RECORD SET:
|---|

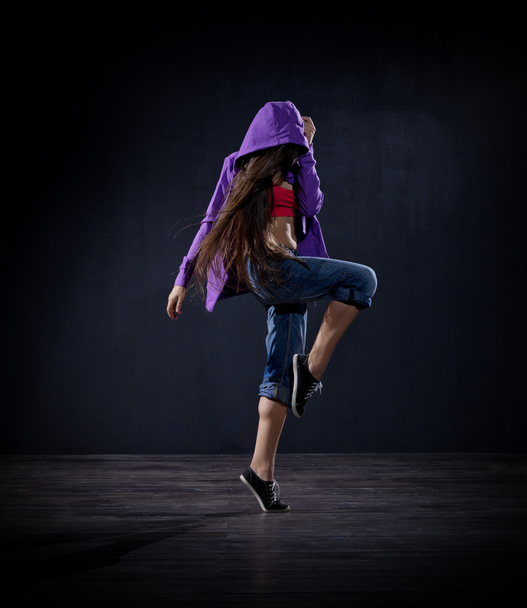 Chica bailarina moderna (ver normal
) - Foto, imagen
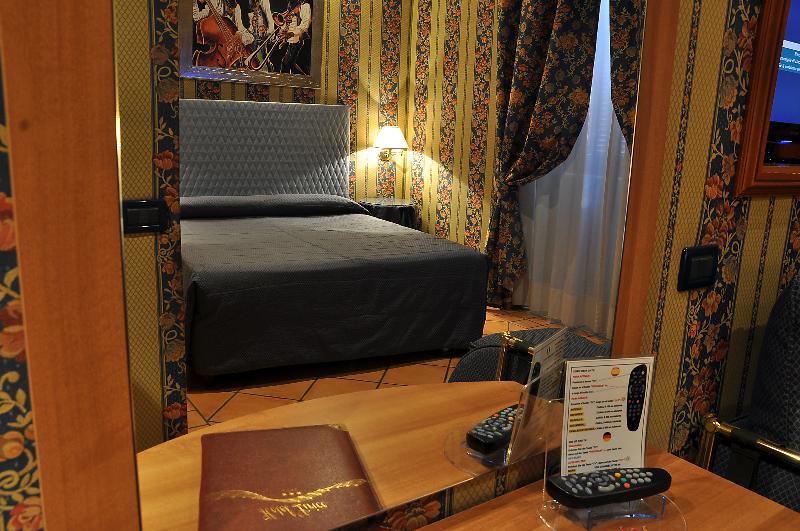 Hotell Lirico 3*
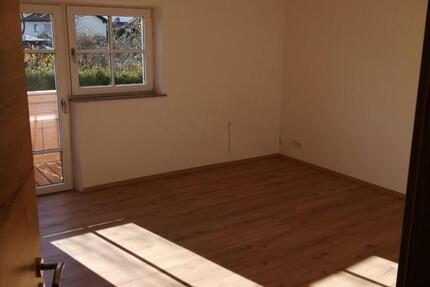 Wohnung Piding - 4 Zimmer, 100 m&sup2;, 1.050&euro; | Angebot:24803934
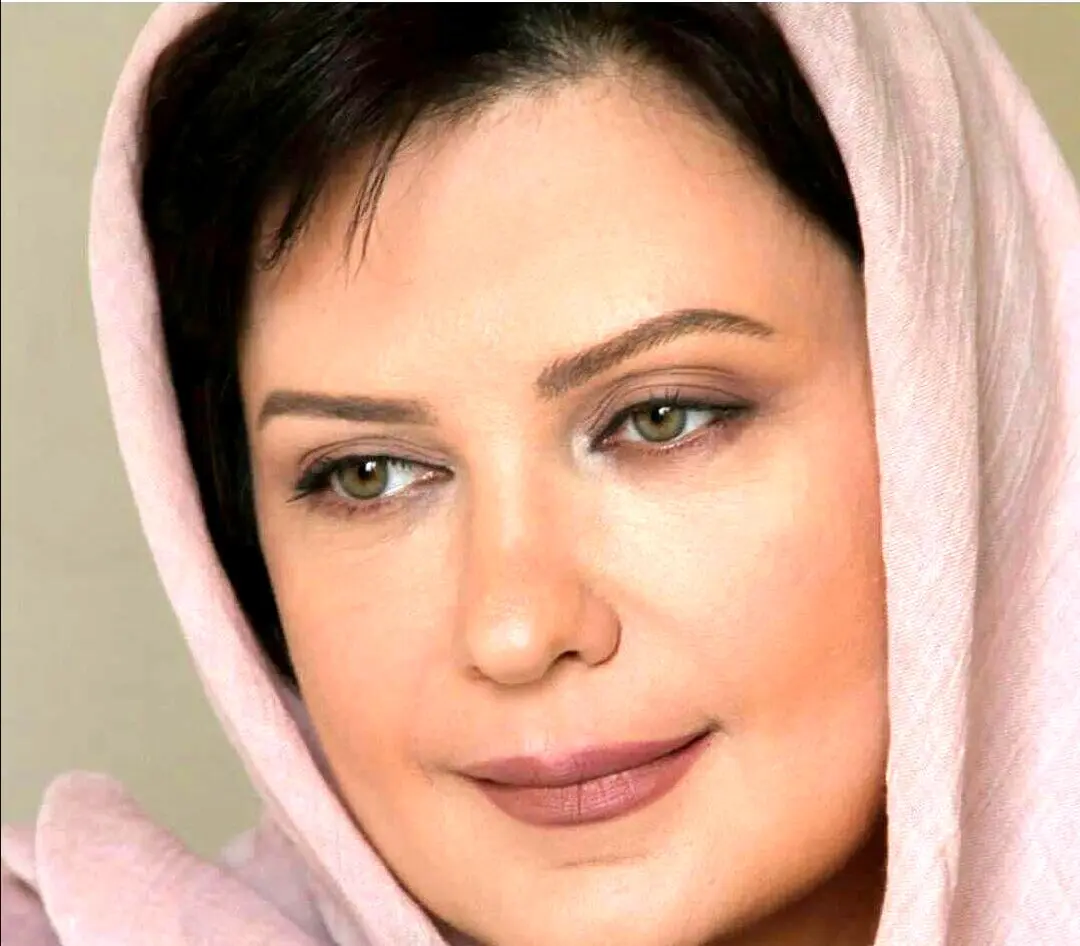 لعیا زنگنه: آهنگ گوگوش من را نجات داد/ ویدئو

|---|

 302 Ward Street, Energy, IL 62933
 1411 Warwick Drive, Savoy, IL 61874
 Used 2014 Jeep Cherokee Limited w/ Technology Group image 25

|---|

PROBLEM REQUIREMENTS: Reproduce the lines above beginning at the line that contains "Chica bailarina moderna (ver normal" and ending at the line that contains "لعیا زنگنه: آهنگ گوگوش من را نجات داد/ ویدئو". No pictures.

OUTPUT OF THE EXERCISE:
 Chica bailarina moderna (ver normal
) - Foto, imagen
 Hotell Lirico 3*
 Wohnung Piding - 4 Zimmer, 100 m&sup2;, 1.050&euro; | Angebot:24803934
 لعیا زنگنه: آهنگ گوگوش من را نجات داد/ ویدئو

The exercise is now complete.